# Problème utilisation candybar sur certaines icones (mail, sa



## moebius80 (19 Août 2009)

Bonjour à tous,

J'ai tenté d'utilisé CandyBar mais certaines icones refusent de changer...C'est le cas de Safari ou de Mail... Une idée ?

Merci d'avance,


----------



## estcethomas (19 Août 2009)

Si ce n'est que quelques icône tu peux le faire manuellement... Je sais pas ce n'est pas vraiment une solution je ne fais que contourné le problème, mais le résultat est le même! Personnellement je n'aime pas trop candy bar donc je ne l'utilise pas c'est pour ça que je ne peux pas bien te répondre, mais peut être que d'autres personnes pourront t'aider.
PS: pour changer les icônes manuellement c'est par ici!


----------



## akira38 (3 Octobre 2009)

Bonjour  estcethomas,

Merci pour le lien sur le changement d'icônes, comme je suis nouveau sur mac je me posait la question.
Super tuto, vidéo de surcroit, donc merci encore.


----------



## estcethomas (3 Octobre 2009)

mais de rien!
Et si tu es débutant tu en as tout plein de tutos vidéo ici.


----------



## Psycho_fls (7 Octobre 2009)

Il m'arrive aussi que certaines icônes ne changent pas avec Candybar.

Et je te donnerais la même solution : changer les icônes manuellement.
Cependant, il faut parfois fermer/rouvrir ta session pour que certains changements soient pris en compte.
D'autre part, si les icônes qui ne changent pas sont celles dans le dock, j'ai parfois besoin de supprimer certaines icônes et de les reglisser dans le dock pour qu'elles correspondent à ce que j'ai mis.

Et pour finir, les icônes récalcitrantes chez moi ne sont jamais safari ni mail, donc ça ne vient pas de là...

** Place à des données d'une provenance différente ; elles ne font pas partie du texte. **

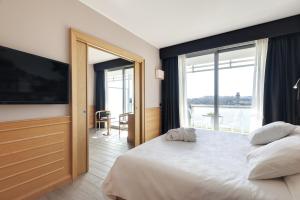 罗马阿兰公园西方酒店的一间卧室设有一张大床和一个大窗户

En espérant t'avoir aidé un tant soit peu,
Ciao.


----------



## zep3 (11 Octobre 2009)

Pour les icones qui ne se change pas parfois il faut redémarrer et d'autres fois attendre un peu et il change 

Candybar est bien pour changer tous tes icones en un seul clique grace au bouton use these icons sinon pour changer juste quelques icones autant le faire manuellement.


----------



## yannickterre (3 Novembre 2009)

Et parfois il faut ouvrir la fiche info et s'autoriser en lecture et écriture... notamment pour les applications d'OSX...
(ouvrir le petit cadenas en bas à droite)


----------